Artificially synthesized oligonucleotides have been widely used in research on targeted gene therapy in the past decades. Oligonucleotides mainly include antisense oligonucleotides (Antisense oligonucleotides, ASODN), small interfering RNAs (Small interference RNA, siRNA), transcription factor decoys (decoys), ribozymes (ribozymes), deoxyribozymes (DNAzymes), anti-genes (anti-genes), cpG oligonucleotides, and nucleic acid aptamers (Aptamers), etc. Among them, ASODN and siRNA are the most commonly used gene regulation tools, are widely used, and have been developed as gene therapy drugs.
At present, oligonucleotides are mainly synthesized by chemical methods, and the oligonucleotides are obtained by sequentially reacting two active groups on a phosphitylation reagent with a protected nucleoside. The method of synthesizing oligonucleotides using a phosphitylating reagent, which is a key raw material for the phosphoramidite method, is called the phosphoramidite method, and is the most commonly used method in oligonucleotide synthesis at present.

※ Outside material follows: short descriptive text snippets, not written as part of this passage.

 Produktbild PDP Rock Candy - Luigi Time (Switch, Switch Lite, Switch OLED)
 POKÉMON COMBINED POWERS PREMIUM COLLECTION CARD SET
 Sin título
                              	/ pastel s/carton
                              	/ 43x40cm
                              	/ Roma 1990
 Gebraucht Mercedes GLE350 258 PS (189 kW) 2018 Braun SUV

However, traditional phosphoramidite preparation has low yield and/or purity characteristics, which significantly increases the cost of oligonucleotide synthesis. Such as: in the preparation process of the traditional N4-AC-C- (S) -GNA phosphoramidite, column chromatography purification reaction is mainly carried out by taking (S) -1- (3- (4, 4' -dimethoxy trityl) -2-hydroxypropyl) -N4-acetylcytosine and bis (diisopropylamino) (2-cyanoethoxy) phosphine as raw materials and dichloromethane as an auxiliary solvent in the presence of 4, 5-dicyanoimidazole. In the preparation process, the cost of the whole preparation process is higher due to the adoption of 4, 5-dicyanoimidazole and the higher cost of the 4, 5-dicyanoimidazole, and meanwhile, the preparation process is more complicated due to the adoption of a column chromatography purification process in the existing preparation method, and the preparation efficiency is lower.
Therefore, how to provide a high-efficiency preparation method of N4-AC-C- (S) -GNA phosphoramidite is a problem to be solved at present.
Disclosure of Invention
The invention provides N4-AC-C- (S) -GNA phosphoramidite and a preparation method thereof, which aim to solve the technical problems in the prior art.

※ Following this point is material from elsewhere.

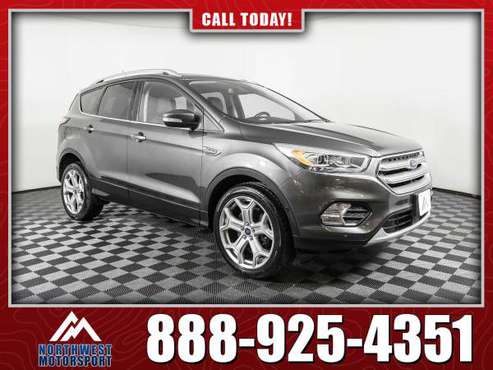 2017 Ford Escape Titanium 4x4 - - by dealer for sale in Boise, ID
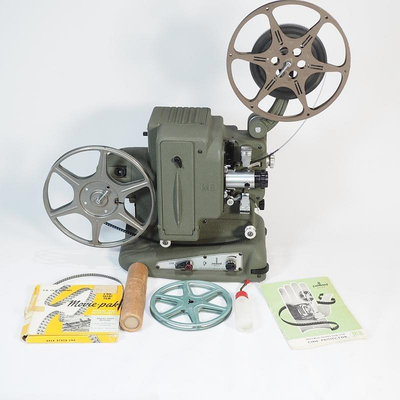 瑞士古董寶萊克斯Bolex M8 8毫米8mm膠片電影放映機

According to a first aspect of the present invention, there is provided an N4-AC-C- (S) -GNA phosphoramidite, the N4-AC-C- (S) -GNA phosphoramidite having the structural formula:
and, the N4-AC-C- (S) -GNA phosphoramidite is prepared from the following raw materials by weight:
315-325g of methylene dichloride, 24-24.1g of (S) -1- (3- (4, 4' -dimethoxy trityl) -2-hydroxypropyl) -N4-acetylcytosine, 15.5-15.6g of diisopropyl ammonium salt tetrazole and 16.35-16.45g of bis (diisopropylamino) (2-cyanoethoxy) phosphine.
Wherein the structural formula of the diisopropyl ammonium salt tetrazole is as follows:
wherein the structural formula of the (S) -1- (3- (4, 4' -dimethoxy trityl) -2-hydroxypropyl) -N4-acetylcytosine is as follows:
wherein the structural formula of the bis (diisopropylamino) (2-cyanoethoxy) phosphine is as follows:
according to a second aspect of the present invention, there is provided a process for the preparation of N4-AC-C- (S) -GNA phosphoramidite.
The synthetic route of the N4-AC-C- (S) -GNA phosphoramidite is as follows:
wherein: the main reaction mechanism formula of (S) -1- (3- (4, 4' -dimethoxy trityl) -2-hydroxy propyl) -N4-acetylcytosine to N4-AC-C- (S) -GNA phosphoramidite is as follows:
specifically, under the catalysis of diisopropyl ammonium salt tetrazole, bis (diisopropylamino) (2-cyanoethoxy) phosphine is decomposed to remove one molecule of diisopropylammonia, and the molecule of diisopropylammonia is combined with tetrazole to obtain (diisopropylamino) (tetrazole) (2-cyanoethoxy) phosphine; the hydroxyl oxygen of (S) -1- (3- (4, 4' -dimethoxy trityl) -2-hydroxypropyl) -N4-acetylcytosine attacks the phosphorus atom, and then tetrazole is removed to obtain N4-AC-C- (S) -GNA phosphoramidite.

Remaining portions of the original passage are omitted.